Или Никола Успенский, который ножичком перочинным горлушко себе вскрыл. А ведь с Толстым знавался, с Тургеневым. Учености большой человеком бывал. Галич туточки, все по стрекозе какой-то убивается шибко. В петлю залез, человечишко нерадивый. Много их тута мается, мучеников вечных. За тщедушность свою расплачиваются они неоткупно.
Из самоубивца самого верного хранителя содеять себе на службу можно, да только больно постыло с ним дело иметь. Мне девятый Андрюшенька мой особливо дорог был, вспомогал я ему, чем тока можно. Но это кому как будет. Николе вот первенец его шибче всех иных на сердце лег. Который тебя от случайности бережет, значит.

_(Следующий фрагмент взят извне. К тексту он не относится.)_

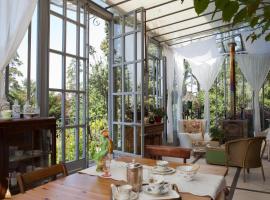 La Pluie de Roses, designový hotel v destinaci Giverny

А иногда и переменится все: в силу войдешь бо льшую, вот и отдалится от тебя один, а другой, поперек, сблизится.
Мне однажды Николе возразить удумалось, что шестой душе ненадобно быть вовсе. Да только осерчал Никола на это крепко, разгневался. Должно, говорит, шестой душе с тобой статься! И иной любой душе приглядывать за тобой должно. Хоть воды за триста верст вокруг нету, а все одно, должно подле тебя душе утопленника ошиваться. Тебе не надо, а ей как раз послабление будет, что и захочешь сам утопнуть, а не сможешь, потому как сушь кругом. Вот и порадуй душеньку-то, подле себя удерживая, а она тады и служить ретивее зачнет.
Вишь, какая наука-то хитрая выходит? Ну, а по смерти уже разбредаемся мы порознь; и ни нам в них нужды более нету, ни им в нас тепереча послабления не найти.